Nie poprzemy Tuska. Jest zbyt czerwony. Korwin-Mikkego nam trza.
ESELDOWIEC PRZYSZŁOŚCI
a ja kopnę Disco Olo w pewną część ciała i dogadam się z Jarkiem w kwestii PO-PiS-u. Ot, co!
DONALD
Zgadzam się całkowicie z pierwszym Twoim komentarzem. Co do drugiego zaś:
1) wyrazy uznania dla Boro są dla mnie niezrozumiałe. Facet obraca kilkoma frazesami z klimatów a la B-lair i pomijając już nawet różnice w poglądach (od Iraku po poparcie dla bufetowej w wyborach samorządowych), jest po prostu człowiekiem bez charakteru. Przykład: w 1968 r. został, jako student, usunięty z PZPR (razem m.in. z własnym ojcem). W połowie lat 70. poprosił o przywrócenie go w prawach członkowskich - uczyniono to. Innymi słowy: faceta wywalono drzwiami, to wszedł oknem. Przypomnę, że w 1968 r. tysiące ludzi usuwano z partii a często i zmuszano do emigracji z kraju, ale błaganie o ponowne przyznanie legitymacji PZPR byłoby dla dla zdecydowanej większość z nich upokorzeniem.
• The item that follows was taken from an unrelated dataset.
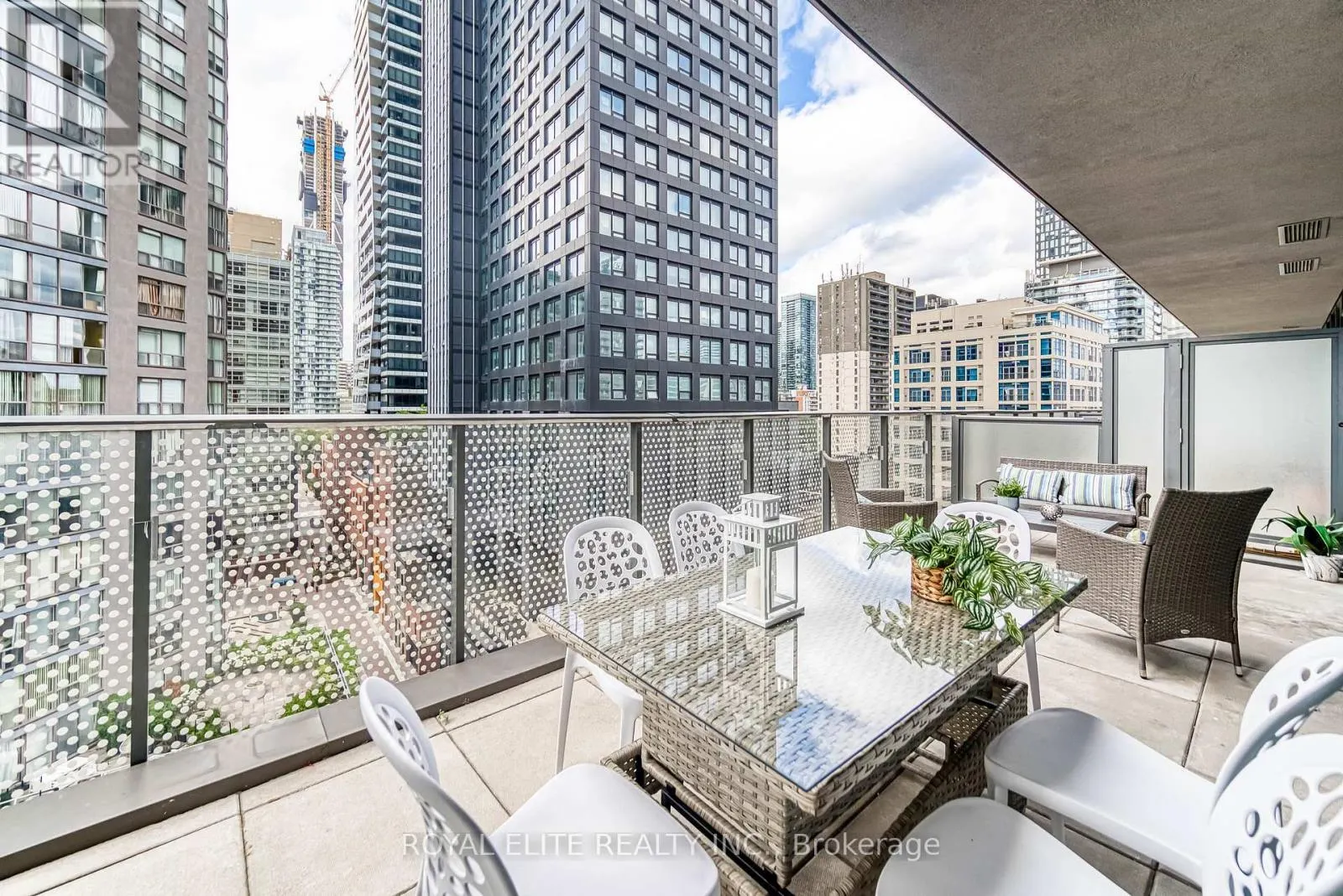 612 - 11 WELLESLEY STREET W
2) co by złego nie powiedzieć o Tusku, już pod koniec lat 70. należał do SKS-u i współpracował z Wolnymi Związkami Zawodowymi, był - w drugim szeregu - w "pierwszej Solidarności" i w podziemiu po stanie wojennym - od połowy lat 80. był jednym z liderów środowiska tzw. gdańskich liberałów. Oczywiście nie należał do liderów struktur ogólnopolskich "S", a do pierwszoligowej polityki załapał się współzakładając Kongres Aferalno-Demokratyczny.
Natomiast o ile Frasyniuk był obecny w "S" na skalę ogólnopolską, o tyle jego legenda aktywizmu jest mocno nadmuchiwana. Mógłbym opowiadać tu długo, dość powiedzieć w tym miejscu, że większe zasługi w budowaniu struktur regionalnych pierwszej "S" na Dolnym Śląsku ma Morawiecki i jego środowisko (od 1982 r. jako Solidarność Walcząca).
Z Solidarności Walczącej wywodziło się zresztą kilkoro późniejszych działaczy ruchu antyglobalistycznego we Francji i w Polsce (np. Ewa Kubasiewicz-Houee).
tylko potwierdzają słowa Kwaśniewskiego...
Już nawet nie wiadomo czy śmiać się czy płakać...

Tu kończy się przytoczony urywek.